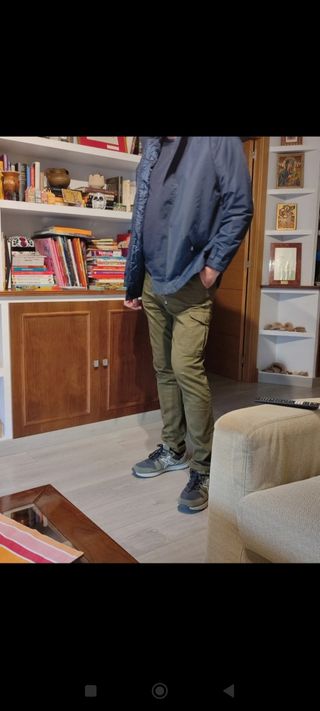 Chaquetón impermeable de hombre nuevo.
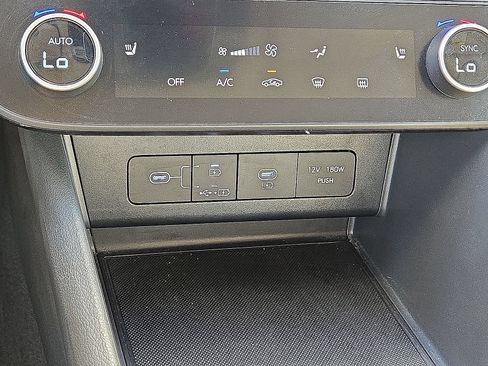 Used 2025 Hyundai Sonata SEL FWD image 28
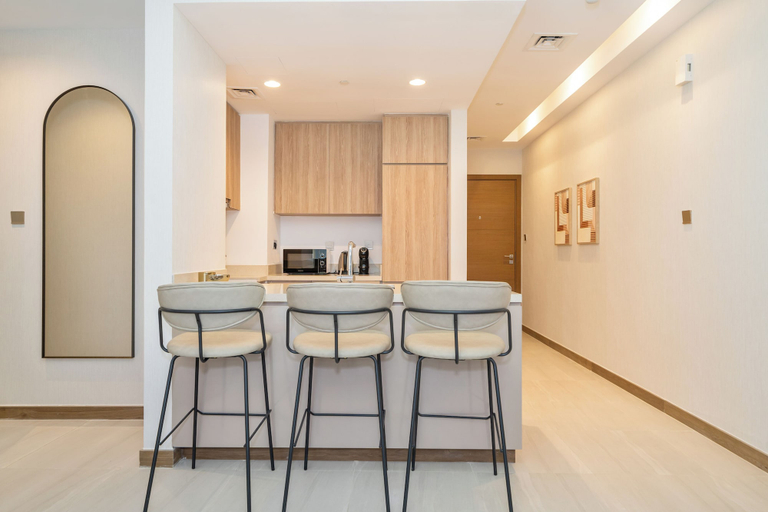Others 5, Designer 1BR Apt Fully Equipped, Dubai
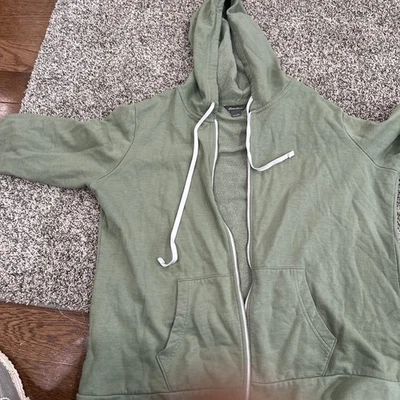 Sudadera con capucha verde Eddie Bauer con cremallera Foto 1 de 4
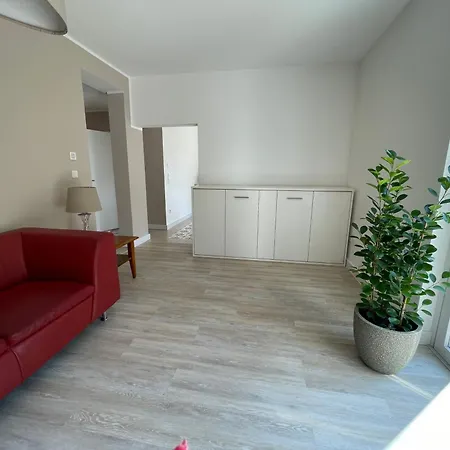 Geraeumige Mit Terrasse Appartement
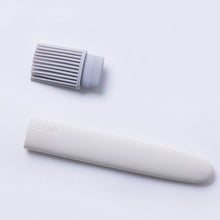 Load image into Gallery viewer, Silicone Oil Brush

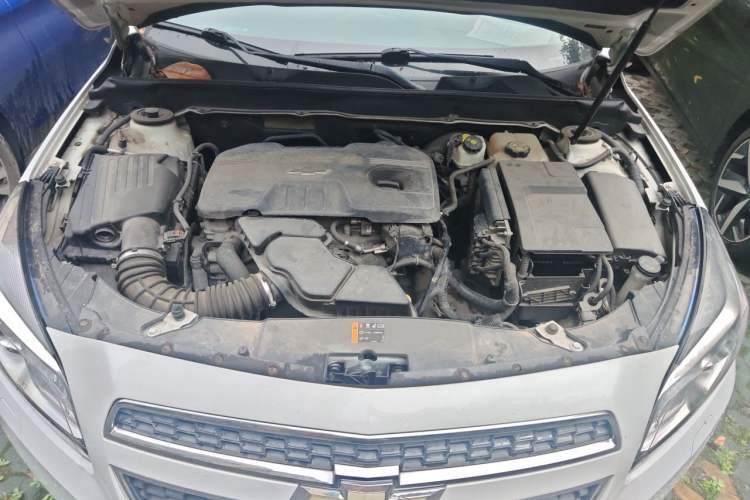 Used Chevrolet Malibu 2014 2.4L Automatic Flagship Edition Engine Bay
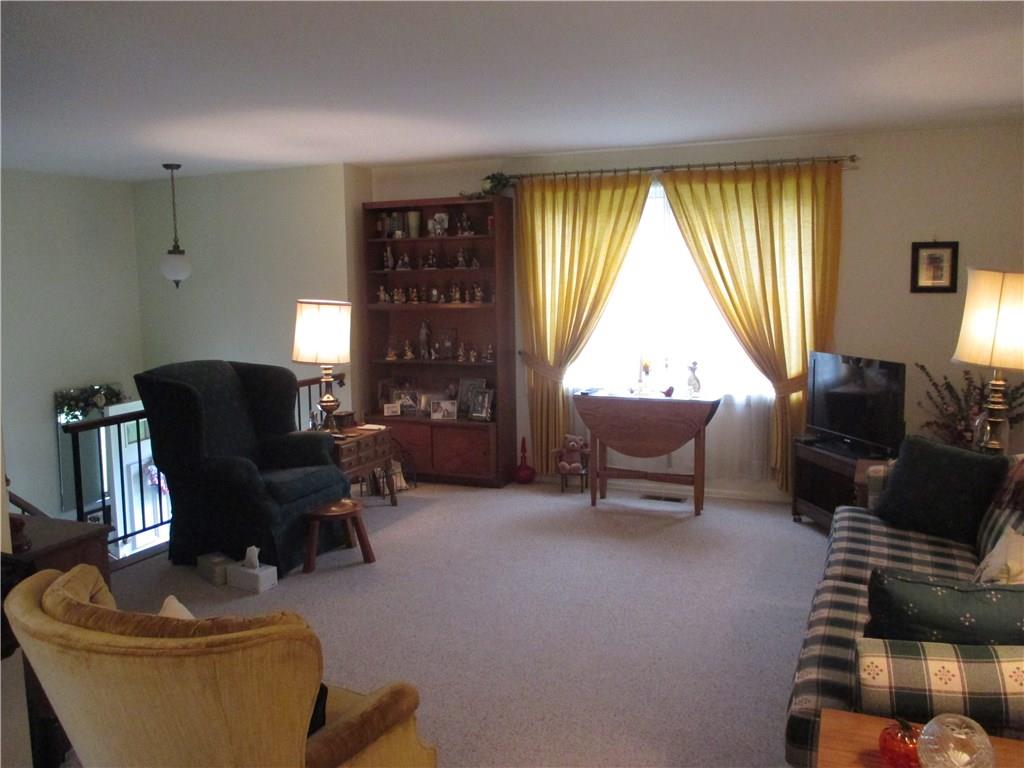 745 Charles Street Rochester, PA 15074 - Photo 6 of 16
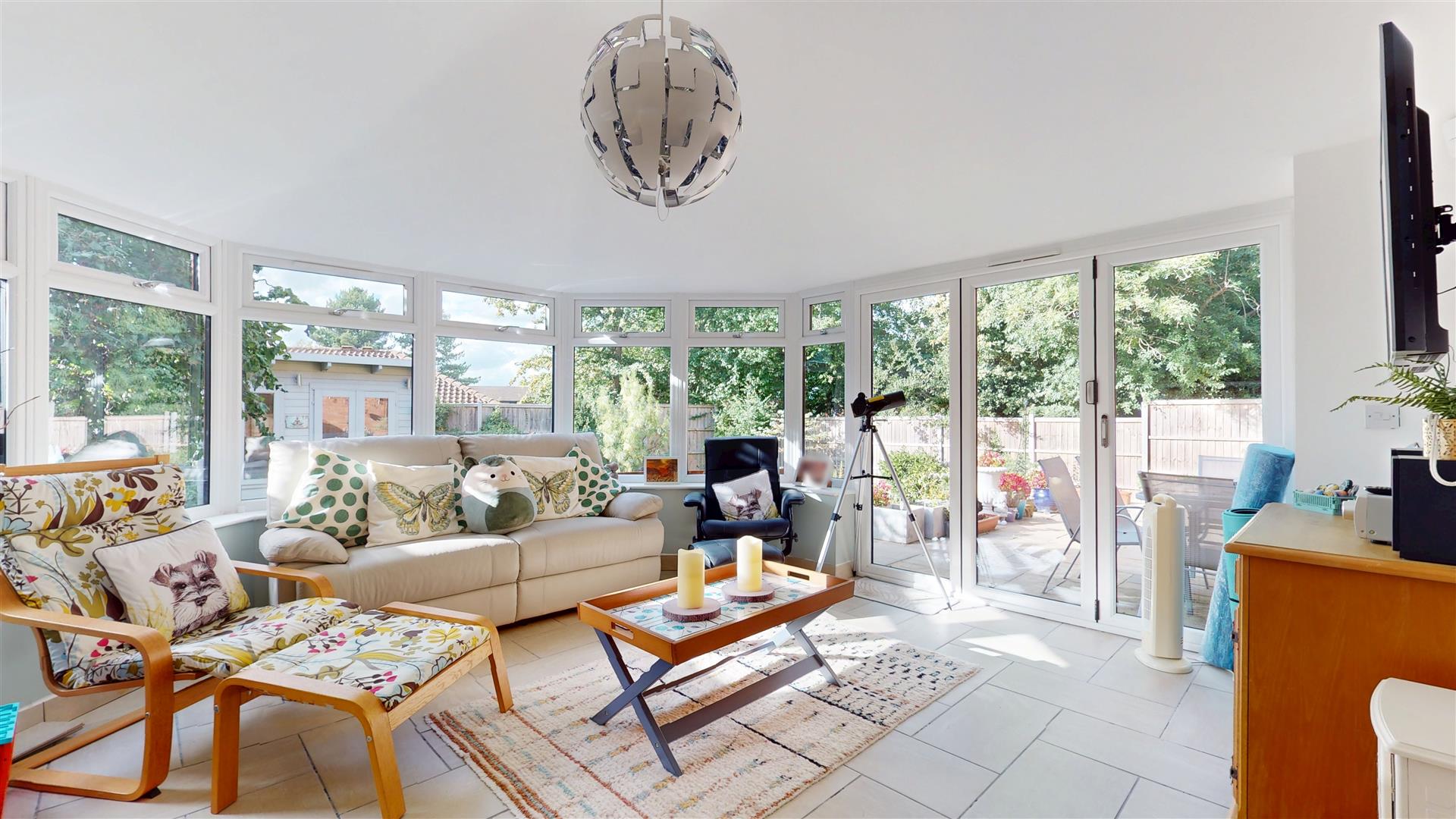 Oakley Gardens., Downhead Park, Milton Keynes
-*-*-
● EXERCISE GOAL: Print exactly the lines from the line with "Used 2025 Hyundai Sonata SEL FWD image 28" through the end of the data, both ends included, and print no pictures.

● TASK OUTPUT:
 Used 2025 Hyundai Sonata SEL FWD image 28
Others 5, Designer 1BR Apt Fully Equipped, Dubai
 Sudadera con capucha verde Eddie Bauer con cremallera Foto 1 de 4
 Geraeumige Mit Terrasse Appartement
 Load image into Gallery viewer, Silicone Oil Brush

 Used Chevrolet Malibu 2014 2.4L Automatic Flagship Edition Engine Bay
 745 Charles Street Rochester, PA 15074 - Photo 6 of 16
 Oakley Gardens., Downhead Park, Milton Keynes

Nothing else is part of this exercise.